Such a phenomenon is not exclusive to the Mod movement, of course; one could say that advertising informed social perception since the rise of Madison Avenue. Heck, Thomas' (David Hemmings) whimsical detour into an old boutique selling busts suggests that civilizations have created hollow facsimiles of themselves and their citizens since artistic expression evolved beyond the point of cave paintings. Mods just happened to be the closest fashion within reach, so Antonioni dives into the oddly colored and plastic world of mid-'60s London to focus on yet another effect of modernity on human life.
Besides, the director makes great use of the massive contrast between the flashier tones of the subculture and the more dour, refined and, well, "British" demeanor of the city's architecture and the more formal residents. Antonioni opens the film with shots of busy London streets, played in silence when depicting older gentlemen headed to their jobs. When a group of young Mods runs through with their faces painted, however, the director turns the knob to full volume, making a small pack of collegiates sound like a filled football stadium. The constant clash between bright and dull only better visualizes the split between objective reality and the sheen glossed over it, a coating that prevents any meaningful connection even though people attempt to build a way of life on it. No moment of the film stresses how superficial the youth connection to their supposed lifestyle really is than a performance late in the film by The Yardbirds (with both Jeff Beck and Jimmy Page!) in a cellar club as a horde of Mods stand perfectly rooted as if soldiers assembling for their commanders, not processing the killer hard rock blasting out them in any way other than an acknowledgment of duty to the "movement," at which point I wondered if this club was by any chance a beer hall.
And what of Thomas? Oh, what a glorious pig. Though situated in a far higher class than David Thewlis' character in Naked, one can easily see the prototype laid down: Thomas is vainglorious, nihilistic, ragged and just plain greasy. Even more dismissive of his models than the artist in L'Avventura, Thomas viciously orders women around like chattel, placing them with props such as polarized, opaque screens that get darker as they are stacked in front of each other. Considering that he only ever moves the screens once for the re-shoots and berates the models continuously, he appears to treat the inanimate objects with more tact. When two nubile, young fillies walk in off the street and ask for an audition, he claims to be too busy to try them out, only to hop in his car and go out shopping.

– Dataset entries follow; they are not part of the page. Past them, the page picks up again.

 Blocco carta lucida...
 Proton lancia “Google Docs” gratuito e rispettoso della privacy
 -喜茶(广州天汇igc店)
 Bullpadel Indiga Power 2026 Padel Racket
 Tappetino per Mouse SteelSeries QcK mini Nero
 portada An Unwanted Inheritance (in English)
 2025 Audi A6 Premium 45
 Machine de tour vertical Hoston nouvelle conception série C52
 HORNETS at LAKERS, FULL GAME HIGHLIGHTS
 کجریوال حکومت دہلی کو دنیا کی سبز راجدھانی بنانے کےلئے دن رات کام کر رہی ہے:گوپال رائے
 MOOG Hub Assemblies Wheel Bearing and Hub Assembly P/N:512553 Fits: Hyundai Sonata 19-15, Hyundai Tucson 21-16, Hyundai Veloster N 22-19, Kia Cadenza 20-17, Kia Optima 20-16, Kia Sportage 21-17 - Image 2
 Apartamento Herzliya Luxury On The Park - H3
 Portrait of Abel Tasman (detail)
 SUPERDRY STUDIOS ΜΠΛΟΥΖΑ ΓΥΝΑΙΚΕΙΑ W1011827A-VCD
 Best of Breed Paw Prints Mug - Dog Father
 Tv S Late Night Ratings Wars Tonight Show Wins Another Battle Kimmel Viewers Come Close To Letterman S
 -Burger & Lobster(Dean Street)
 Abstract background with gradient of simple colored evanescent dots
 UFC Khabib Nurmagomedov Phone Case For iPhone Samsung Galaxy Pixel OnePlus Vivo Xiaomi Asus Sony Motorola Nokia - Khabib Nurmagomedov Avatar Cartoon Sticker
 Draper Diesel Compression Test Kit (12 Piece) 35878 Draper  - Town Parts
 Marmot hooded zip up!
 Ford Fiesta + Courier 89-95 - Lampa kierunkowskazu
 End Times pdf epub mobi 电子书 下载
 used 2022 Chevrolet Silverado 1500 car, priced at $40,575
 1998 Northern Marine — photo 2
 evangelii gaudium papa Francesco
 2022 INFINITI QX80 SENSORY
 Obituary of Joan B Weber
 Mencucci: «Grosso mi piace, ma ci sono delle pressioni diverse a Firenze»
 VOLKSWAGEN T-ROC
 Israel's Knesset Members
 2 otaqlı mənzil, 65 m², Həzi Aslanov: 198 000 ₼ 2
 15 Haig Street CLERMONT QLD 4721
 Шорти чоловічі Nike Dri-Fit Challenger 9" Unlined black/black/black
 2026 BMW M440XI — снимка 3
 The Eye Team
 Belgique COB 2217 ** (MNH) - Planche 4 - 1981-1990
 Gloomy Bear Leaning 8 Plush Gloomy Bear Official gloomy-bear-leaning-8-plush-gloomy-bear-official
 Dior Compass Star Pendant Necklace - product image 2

Hemmings makes Thomas such a fascinating boor that he makes the typical inaction of an Antonioni film pass like a breeze. A 110-minute ostensible thriller should get to some basic plot outline in the first 30 minutes, but Blow-Up stretches a solid hour before Antonioni deigns to introduce a narrative. Yet Thomas draws our attention nonetheless, the ultimate symbol of mankind's inability to figure out what's real. He shoots a session with model Veruschka, a sensual sequence in which Thomas has the woman writhe around in fake ecstasy as he snakes with her. This erotic but unconsummated scene shows how even the manufacturing of simulacra is itself subject to detached, pop culture-informed ideas of sex. These two don't have sex, but the writhing and shifting positions that emphasize genitalia become a substitute for full copulation, allowing the false image of what sex is to completely replace what the image signifies. So caught up in this subjective state is Thomas that he spends his free time taking voyeuristic pictures of unsuspecting people going about their lives in order to turn reality into something he can understand, manage and even sell.
During one of these impromptu "sessions" in Maryon Park, Thomas photographs what appear to be two lovers. The woman (Vanessa Redgrave), spots him and demands the roll of film, going so far as to chase him back to his flat and seduce him to get the negatives. Intrigued, Thomas gives her a different roll and develops the contentious photographs. Blowing up the images of the woman and her older beau in the park, Thomas sees what appears to be a body behind the couple and a man hiding in the bushes with a gun.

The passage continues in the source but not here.